Adobe may or may have had one before.
But there are enough other companies that have, that it's easy to make a rational choice based on the probability that it will happen to a company like Adobe, based on what has happened to companies at large that attract large bases of credit card numbers - especially as Adobe has recently moving to a subscription based service where they have presumably got a lot more credit card numbers stored than they used to before.
That was a factor in why I decided that I would not subscribe to the Photoshop subscription, even though the more recent photographically oriented pricing for just a few products was more appealing.
I'm all for paying for products myself, I do so whenever possible. But what I am not for is needless exposure of my financial data just because a company would prefer recurring revenue.

--
"There is more worth loving than we have strength to love." - Brian Jay Stanley
Adobe != security by oneiros27 · 2013-10-03 12:52 · Score: 5, Interesting

Adobe must be the one company in the world to have a worse track record at security than Microsoft, Oracle or Mozilla.
At my work, they require us to take annual security training ... and this year, I flat out refused to take it from any of my systems ... because I had to install flash & turn on java in my web browser. I had to go to the 'training center' to take it from one of the machines there.
... not a week later, the first of the 2013 Flash vulnerabilities was announced ... then a couple of weeks later, another one ... then the Java one ...
Then I was told that I had to take the 'advanced security' training ... what was the recommendation? to turn off flash & java in your web browser.
ah, the irony.

--
Build it, and they will come^Hplain.
Virtual Credit Card Numbers by slonik · 2013-10-03 15:39 · Score: 4, Informative

Citibank offers "Virtual Credit Cards" that are generated for you on demand. Each card is valid for one merchant only (the first transaction locks the merchant), has configurable expiration date and maximum amount limit. Even if stolen such virtual cards are of little use to the bad guys.
Re:3 million? by lennier1 · 2013-10-03 17:39 · Score: 2

It's now running on a heavily customized Tomcat that's been twisted long enough until you could no longer simply update it independently.
Re:This is just adobe's way of saying... by lxs · 2013-10-03 22:08 · Score: 3, Funny

stenography efforts flagged
That's why I stick to writing longhand.

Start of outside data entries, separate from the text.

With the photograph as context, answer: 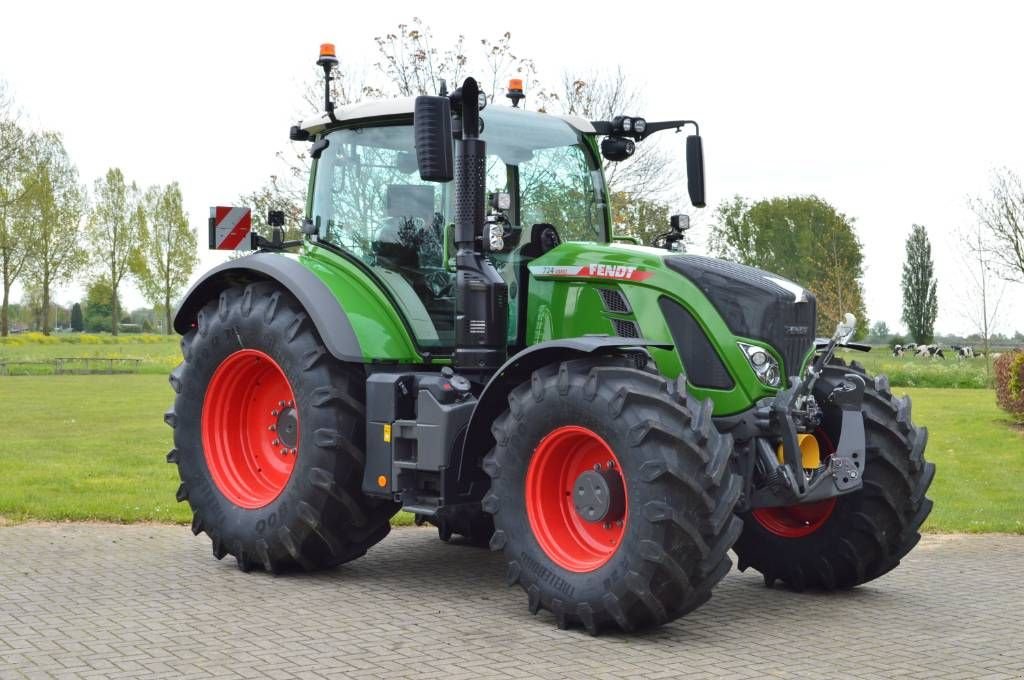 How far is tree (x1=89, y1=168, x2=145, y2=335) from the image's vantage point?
226 feet

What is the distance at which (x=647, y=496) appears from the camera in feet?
20.8

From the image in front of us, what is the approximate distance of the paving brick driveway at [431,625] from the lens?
5.98 meters

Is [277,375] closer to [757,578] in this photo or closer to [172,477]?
[757,578]

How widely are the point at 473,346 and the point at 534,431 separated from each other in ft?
3.39

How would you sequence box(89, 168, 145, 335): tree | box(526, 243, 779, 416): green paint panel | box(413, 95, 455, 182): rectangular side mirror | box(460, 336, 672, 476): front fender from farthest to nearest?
box(89, 168, 145, 335): tree
box(413, 95, 455, 182): rectangular side mirror
box(526, 243, 779, 416): green paint panel
box(460, 336, 672, 476): front fender

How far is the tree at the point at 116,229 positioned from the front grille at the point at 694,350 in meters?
64.2

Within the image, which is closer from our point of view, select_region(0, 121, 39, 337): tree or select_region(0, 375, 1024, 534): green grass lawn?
select_region(0, 375, 1024, 534): green grass lawn

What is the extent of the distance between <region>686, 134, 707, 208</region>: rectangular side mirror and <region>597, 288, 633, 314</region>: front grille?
4.39ft

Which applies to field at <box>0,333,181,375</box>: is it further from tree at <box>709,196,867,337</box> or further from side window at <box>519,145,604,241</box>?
side window at <box>519,145,604,241</box>

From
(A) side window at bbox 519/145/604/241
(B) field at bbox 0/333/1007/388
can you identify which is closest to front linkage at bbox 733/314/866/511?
(A) side window at bbox 519/145/604/241

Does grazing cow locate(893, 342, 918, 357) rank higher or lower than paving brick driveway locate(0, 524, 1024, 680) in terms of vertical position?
higher

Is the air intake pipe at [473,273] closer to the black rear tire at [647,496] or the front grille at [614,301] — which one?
the front grille at [614,301]

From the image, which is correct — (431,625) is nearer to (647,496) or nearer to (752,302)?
(647,496)

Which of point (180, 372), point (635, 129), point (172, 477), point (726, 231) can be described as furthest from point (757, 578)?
point (726, 231) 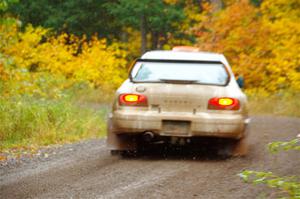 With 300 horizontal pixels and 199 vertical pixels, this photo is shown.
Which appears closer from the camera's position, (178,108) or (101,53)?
(178,108)

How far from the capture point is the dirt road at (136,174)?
698cm

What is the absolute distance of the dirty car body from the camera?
912 cm

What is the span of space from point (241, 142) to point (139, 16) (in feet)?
80.8

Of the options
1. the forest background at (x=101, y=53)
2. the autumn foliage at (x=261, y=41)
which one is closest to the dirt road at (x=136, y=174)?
the forest background at (x=101, y=53)

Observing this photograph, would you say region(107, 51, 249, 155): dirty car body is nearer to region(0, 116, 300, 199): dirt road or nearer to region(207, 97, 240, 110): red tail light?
region(207, 97, 240, 110): red tail light

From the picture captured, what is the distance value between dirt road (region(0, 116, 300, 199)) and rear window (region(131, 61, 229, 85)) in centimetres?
111

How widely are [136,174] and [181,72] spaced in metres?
1.99

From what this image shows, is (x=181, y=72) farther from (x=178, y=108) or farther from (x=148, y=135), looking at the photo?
(x=148, y=135)

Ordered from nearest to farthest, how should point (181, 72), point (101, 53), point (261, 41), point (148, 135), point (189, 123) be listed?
point (189, 123)
point (148, 135)
point (181, 72)
point (261, 41)
point (101, 53)

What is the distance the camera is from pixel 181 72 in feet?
31.5

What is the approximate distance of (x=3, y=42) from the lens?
13719 mm

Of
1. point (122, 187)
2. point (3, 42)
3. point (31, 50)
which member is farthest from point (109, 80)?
point (122, 187)

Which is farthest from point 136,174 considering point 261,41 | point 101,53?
point 101,53

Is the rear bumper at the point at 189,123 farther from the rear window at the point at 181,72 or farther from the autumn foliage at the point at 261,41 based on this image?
the autumn foliage at the point at 261,41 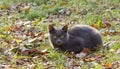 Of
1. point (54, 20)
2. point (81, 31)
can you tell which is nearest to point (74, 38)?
point (81, 31)

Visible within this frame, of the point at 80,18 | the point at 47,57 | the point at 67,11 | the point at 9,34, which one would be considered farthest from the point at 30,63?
the point at 67,11

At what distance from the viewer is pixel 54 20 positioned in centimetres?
1092

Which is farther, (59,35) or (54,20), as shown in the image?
(54,20)

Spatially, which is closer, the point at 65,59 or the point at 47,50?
the point at 65,59

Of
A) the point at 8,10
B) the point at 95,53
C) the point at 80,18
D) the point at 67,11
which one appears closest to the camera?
the point at 95,53

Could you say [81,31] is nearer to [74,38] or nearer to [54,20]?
[74,38]

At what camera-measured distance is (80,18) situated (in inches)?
429

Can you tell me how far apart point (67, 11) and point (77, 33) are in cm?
366

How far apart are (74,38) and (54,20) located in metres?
2.92

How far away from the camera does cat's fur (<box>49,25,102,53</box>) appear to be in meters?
7.96

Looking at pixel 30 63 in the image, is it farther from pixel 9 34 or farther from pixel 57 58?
pixel 9 34

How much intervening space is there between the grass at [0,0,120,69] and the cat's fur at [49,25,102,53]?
21cm

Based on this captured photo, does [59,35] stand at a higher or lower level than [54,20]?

Take that Adobe!
Did they get the info to spoof an update? by Growlor · 2013-10-04 01:16 · Score: 2

Forget the credit card info - the real juicy stuff for a criminal would be to get whatever is needed to trick the update feature to trust a malicious piece of code (especially if it can be automated without user interaction!)
This is the most important thing I want to hear from Adobe's response team: Did the attackers get what would be needed to do this, yes or no?
Re:seeing the future verses the writing on the wal by MachineShedFred · 2013-10-04 01:37 · Score: 4, Insightful

I'll take this one further:
Buying a piece of software from a vendor: Adobe doesn't have your details.
Paying on a monthly basis to a software company: Adobe has your details.
Software vendor not named Microsoft most responsible for exploits and attacks in the last 10 years: Adobe Systems
If they can't even keep something like Acrobat Reader secure, how the hell does anyone trust them with credit card information? The long road that has been "software activation" led us to this place.

--
Slashdot still doesnâ(TM)t support Unicode after it was added to the HTML standard in 1997.